Contingent liabilities
Where a provision or accrual is deemed to be required it has
been included within the consolidated statement of financial
position. For contingent liabilities where an economic outflow is
possible, it is often not practicable to estimate the financial
effect due to the range of estimation uncertainty. For contingent
liabilities where the possibility of economic outflow is remote,
disclosure of the estimated financial effect is not required.
Contingent liabilities acquired in a business combination are
initially valued at fair value at the acquisition date. At the end
of subsequent reporting periods, such contingent liabilities are
measured at the higher of the amount that would be recognised in
accordance with IAS 37 and the amount initially recognised.
Joint venture
Under IFRS 11 we account for joint ventures under the equity
method of accounting. A joint venture is a joint arrangement
whereby the parties have joint control of the arrangement have
rights to the net assets of the arrangement. Loans receivable and
investments in joint venture entities are reviewed for impairment
at each year end.
Financial instruments
Financial assets and financial liabilities are recognised on the
Group's statement of financial position when the Group becomes a
party to the contractual provisions of the instrument. The
principal financial assets and liabilities of the Group are as
follows:
(a) Trade and other receivables
Trade and other receivables are recognised initially at fair
value and measured subsequently at amortised cost less any
provision for impairment losses including expected credit losses.
In accordance with IFRS 9 the Group applies the simplified approach
to measuring expected credit losses which uses a lifetime expected
loss allowance for all trade receivables and accrued income
contract assets, estimated using a combination of historical
experience and forward-looking information.

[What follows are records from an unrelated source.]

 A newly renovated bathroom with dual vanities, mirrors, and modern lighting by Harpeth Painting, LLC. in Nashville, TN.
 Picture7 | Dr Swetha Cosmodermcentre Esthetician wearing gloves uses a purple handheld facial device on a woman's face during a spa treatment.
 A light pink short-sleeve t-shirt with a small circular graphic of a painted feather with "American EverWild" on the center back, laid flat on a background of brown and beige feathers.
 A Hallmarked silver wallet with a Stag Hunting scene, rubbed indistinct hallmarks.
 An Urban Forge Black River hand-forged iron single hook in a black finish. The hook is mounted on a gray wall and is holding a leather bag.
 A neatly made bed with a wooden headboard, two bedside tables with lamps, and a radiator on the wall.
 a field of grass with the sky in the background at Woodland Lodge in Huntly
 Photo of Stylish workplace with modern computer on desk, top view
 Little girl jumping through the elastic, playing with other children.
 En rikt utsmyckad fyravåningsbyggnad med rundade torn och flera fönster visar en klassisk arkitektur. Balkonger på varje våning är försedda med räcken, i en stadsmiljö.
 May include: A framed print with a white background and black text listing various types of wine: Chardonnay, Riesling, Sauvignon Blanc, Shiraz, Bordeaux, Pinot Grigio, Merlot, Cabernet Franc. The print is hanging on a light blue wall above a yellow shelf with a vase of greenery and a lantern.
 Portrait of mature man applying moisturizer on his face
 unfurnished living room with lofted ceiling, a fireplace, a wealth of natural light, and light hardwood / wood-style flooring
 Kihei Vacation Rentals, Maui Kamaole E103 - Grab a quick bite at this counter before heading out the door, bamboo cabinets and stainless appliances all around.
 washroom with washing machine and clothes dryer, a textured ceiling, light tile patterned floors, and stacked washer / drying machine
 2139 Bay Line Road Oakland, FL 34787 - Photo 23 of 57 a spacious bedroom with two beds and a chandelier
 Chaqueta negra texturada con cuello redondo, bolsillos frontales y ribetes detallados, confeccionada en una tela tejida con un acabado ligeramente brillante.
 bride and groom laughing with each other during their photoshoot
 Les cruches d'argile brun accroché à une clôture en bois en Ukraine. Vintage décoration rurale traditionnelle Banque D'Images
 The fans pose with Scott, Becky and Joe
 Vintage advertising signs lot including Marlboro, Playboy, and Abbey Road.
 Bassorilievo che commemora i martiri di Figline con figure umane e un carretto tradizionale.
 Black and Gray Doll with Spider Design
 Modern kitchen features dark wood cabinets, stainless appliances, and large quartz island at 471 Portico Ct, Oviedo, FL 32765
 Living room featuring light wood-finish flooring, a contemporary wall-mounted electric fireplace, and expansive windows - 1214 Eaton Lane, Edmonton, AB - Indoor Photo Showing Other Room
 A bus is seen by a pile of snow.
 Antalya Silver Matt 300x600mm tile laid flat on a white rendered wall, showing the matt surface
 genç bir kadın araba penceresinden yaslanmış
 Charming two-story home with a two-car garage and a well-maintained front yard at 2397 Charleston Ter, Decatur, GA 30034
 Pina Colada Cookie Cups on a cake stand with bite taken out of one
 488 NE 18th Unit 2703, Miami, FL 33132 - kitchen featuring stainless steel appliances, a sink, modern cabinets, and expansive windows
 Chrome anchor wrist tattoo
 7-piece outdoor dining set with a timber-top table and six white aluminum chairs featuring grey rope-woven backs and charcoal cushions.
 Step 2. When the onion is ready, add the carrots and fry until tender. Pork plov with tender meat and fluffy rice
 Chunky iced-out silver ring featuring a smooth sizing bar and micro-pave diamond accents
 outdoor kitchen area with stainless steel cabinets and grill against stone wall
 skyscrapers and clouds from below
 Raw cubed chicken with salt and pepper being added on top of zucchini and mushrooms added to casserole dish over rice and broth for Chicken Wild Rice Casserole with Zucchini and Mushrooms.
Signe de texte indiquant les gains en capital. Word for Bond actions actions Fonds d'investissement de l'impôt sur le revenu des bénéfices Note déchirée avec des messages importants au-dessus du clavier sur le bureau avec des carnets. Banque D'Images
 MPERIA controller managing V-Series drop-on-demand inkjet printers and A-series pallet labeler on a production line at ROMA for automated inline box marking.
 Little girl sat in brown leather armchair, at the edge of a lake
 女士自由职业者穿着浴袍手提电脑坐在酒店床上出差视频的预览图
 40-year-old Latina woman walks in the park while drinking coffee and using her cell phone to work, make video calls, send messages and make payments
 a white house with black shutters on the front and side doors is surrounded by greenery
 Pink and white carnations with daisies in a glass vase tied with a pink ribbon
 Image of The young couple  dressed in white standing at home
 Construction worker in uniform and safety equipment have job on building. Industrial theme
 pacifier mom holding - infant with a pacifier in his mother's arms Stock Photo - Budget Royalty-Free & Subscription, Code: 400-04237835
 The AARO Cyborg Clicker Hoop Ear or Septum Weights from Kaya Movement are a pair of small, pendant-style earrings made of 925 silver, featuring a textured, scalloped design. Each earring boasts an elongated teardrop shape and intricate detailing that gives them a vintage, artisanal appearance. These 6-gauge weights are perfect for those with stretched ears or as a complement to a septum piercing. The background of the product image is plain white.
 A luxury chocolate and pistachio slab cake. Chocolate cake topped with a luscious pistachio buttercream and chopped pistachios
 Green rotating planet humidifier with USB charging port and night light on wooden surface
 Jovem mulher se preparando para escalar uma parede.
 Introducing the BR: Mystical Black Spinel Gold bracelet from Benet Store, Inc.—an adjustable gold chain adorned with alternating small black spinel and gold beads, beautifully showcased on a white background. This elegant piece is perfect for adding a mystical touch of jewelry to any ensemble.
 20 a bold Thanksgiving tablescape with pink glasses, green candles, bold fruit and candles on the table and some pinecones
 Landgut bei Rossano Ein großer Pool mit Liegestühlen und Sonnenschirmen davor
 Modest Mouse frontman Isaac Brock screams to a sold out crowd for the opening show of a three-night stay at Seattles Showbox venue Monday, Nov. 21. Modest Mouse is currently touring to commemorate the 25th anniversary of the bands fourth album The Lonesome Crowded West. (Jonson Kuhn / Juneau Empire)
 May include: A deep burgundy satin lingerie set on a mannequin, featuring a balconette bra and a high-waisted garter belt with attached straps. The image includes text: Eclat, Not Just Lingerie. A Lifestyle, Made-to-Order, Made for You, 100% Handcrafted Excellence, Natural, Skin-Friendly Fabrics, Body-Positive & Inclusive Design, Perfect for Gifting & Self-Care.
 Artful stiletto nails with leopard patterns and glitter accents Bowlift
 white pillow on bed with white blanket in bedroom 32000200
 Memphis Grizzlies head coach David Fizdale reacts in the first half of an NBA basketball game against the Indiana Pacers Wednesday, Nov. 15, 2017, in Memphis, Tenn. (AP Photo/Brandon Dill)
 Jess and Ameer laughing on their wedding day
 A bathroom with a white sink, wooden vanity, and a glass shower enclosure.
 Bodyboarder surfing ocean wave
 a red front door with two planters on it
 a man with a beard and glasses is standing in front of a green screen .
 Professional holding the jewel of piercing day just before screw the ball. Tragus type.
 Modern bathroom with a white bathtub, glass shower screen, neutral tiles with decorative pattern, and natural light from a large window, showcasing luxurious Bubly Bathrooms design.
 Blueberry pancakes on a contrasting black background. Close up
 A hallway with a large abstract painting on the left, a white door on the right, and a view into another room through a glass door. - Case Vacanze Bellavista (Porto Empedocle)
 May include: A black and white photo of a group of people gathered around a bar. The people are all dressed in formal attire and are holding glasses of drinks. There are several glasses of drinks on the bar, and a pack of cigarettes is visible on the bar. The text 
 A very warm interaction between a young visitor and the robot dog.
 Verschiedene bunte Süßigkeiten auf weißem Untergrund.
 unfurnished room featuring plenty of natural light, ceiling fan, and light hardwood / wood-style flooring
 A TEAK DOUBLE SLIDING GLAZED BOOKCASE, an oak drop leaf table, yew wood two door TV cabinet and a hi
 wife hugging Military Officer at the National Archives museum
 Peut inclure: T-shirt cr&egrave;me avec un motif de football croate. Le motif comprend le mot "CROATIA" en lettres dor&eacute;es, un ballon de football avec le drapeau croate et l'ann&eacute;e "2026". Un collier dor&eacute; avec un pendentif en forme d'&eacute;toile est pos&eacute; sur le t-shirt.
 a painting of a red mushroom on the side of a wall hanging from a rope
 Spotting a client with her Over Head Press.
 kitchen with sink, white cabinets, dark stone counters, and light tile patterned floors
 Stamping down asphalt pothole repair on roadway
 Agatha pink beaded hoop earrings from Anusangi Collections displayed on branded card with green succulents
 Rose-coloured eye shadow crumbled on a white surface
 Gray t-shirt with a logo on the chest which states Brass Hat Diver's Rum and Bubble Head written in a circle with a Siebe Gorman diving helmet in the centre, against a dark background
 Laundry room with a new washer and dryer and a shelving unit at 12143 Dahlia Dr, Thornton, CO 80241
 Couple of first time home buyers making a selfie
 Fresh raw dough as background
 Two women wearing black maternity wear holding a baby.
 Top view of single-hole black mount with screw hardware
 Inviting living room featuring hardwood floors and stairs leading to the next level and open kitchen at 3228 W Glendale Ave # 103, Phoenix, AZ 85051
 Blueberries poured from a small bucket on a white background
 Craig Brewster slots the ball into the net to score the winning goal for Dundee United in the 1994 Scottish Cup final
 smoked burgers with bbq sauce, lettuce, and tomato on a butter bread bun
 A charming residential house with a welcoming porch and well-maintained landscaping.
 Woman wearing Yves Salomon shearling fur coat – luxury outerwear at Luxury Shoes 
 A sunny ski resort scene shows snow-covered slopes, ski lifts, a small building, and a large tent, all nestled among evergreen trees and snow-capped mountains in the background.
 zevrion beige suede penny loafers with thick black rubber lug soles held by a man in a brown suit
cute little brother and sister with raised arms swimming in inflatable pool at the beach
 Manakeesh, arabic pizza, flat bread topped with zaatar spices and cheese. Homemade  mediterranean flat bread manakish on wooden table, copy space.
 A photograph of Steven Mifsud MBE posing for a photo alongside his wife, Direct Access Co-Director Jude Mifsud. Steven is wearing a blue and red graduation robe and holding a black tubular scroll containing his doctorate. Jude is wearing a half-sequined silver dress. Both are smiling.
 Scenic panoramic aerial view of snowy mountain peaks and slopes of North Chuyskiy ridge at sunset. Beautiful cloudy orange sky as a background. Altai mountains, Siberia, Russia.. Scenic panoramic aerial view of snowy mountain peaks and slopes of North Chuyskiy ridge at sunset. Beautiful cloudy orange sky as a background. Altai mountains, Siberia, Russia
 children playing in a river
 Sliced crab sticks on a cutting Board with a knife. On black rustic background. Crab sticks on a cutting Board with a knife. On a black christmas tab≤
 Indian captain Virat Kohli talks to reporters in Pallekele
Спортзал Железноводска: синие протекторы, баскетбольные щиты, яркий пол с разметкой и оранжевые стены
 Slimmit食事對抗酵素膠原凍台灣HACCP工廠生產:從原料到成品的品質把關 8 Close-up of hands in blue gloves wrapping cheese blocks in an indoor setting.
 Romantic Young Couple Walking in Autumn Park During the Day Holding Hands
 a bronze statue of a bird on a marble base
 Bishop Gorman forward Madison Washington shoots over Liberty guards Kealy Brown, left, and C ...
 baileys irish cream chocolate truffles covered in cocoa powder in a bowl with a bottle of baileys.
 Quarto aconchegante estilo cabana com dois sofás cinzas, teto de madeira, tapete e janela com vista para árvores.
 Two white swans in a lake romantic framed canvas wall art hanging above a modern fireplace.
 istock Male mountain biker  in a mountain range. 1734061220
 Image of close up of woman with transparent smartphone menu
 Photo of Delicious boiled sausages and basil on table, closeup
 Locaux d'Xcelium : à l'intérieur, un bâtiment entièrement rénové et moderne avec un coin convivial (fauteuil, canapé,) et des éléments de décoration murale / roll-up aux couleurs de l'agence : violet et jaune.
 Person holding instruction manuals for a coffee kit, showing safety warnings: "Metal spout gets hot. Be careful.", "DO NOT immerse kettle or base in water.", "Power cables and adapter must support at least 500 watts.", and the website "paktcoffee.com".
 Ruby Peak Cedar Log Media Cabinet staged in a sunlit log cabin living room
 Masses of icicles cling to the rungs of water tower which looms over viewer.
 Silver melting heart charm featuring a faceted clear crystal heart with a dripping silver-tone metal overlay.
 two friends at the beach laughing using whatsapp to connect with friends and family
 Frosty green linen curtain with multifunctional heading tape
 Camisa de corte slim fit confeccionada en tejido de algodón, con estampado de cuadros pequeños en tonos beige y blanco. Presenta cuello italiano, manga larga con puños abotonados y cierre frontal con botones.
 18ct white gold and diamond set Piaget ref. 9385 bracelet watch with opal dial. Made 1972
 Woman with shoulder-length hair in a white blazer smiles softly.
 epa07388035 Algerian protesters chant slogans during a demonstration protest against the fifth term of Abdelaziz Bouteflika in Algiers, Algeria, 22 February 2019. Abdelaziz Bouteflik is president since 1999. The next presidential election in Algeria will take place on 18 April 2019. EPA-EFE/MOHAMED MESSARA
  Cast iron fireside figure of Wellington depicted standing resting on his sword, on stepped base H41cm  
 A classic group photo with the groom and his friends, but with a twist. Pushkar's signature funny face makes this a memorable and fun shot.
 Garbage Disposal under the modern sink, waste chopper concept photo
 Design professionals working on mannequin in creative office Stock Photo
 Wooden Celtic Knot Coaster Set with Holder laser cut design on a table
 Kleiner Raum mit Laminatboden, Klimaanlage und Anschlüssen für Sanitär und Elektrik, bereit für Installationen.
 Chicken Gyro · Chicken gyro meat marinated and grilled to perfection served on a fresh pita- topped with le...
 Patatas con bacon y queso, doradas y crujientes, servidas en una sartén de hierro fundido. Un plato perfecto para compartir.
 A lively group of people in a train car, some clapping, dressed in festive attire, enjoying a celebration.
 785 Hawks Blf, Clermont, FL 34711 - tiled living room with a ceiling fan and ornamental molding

(b) Cash and cash equivalents
Cash and cash equivalents comprise cash balances and call
deposits with a maturity of three months or less. Bank overdrafts
are presented as current liabilities to the extent that there is no
right of offset with cash balances.
(c) Trade and other payables
Trade and other payables are not interest bearing and are stated
initially at fair value and subsequently held at amortised
cost.
(d) Bank and other borrowings
Interest-bearing bank and other loans are recorded at the fair
value of the proceeds received, net of direct issue costs. Finance
charges, including premiums payable on settlement or redemption and
direct issue costs, are accounted for at amortised cost and on an
accruals basis in the statement of comprehensive income using the
effective interest method. Interest is added to the carrying value
of the instrument to the extent that they are not settled in the
period in which they arise.
(e) Derivative financial instruments
Derivatives are initially recognised at fair value on the date
that the contract is entered into and subsequently re-measured in
future periods at their fair value. They are held at fair value
through profit or loss and are re-measured at each reporting date
with the movement being recognised in the statement of
comprehensive income.
(f) Financial liabilities and equity
Financial liabilities and equity are classified according to the
substance of the financial instrument's contractual obligations
rather than the financial instrument's legal form. An equity
instrument is any contract that evidences a residual interest in
the assets of the Group after deducting all of its liabilities.
(g) Equity instruments
Equity instruments issued by the Company are recorded at the
proceeds received, net of direct issue costs.
Leases
The Group assesses whether a contract is a lease at inception of
the contract. A lease conveys the right to direct the use and
obtain substantially all of the economic benefits of an identified
asset for a period of time in exchange for consideration.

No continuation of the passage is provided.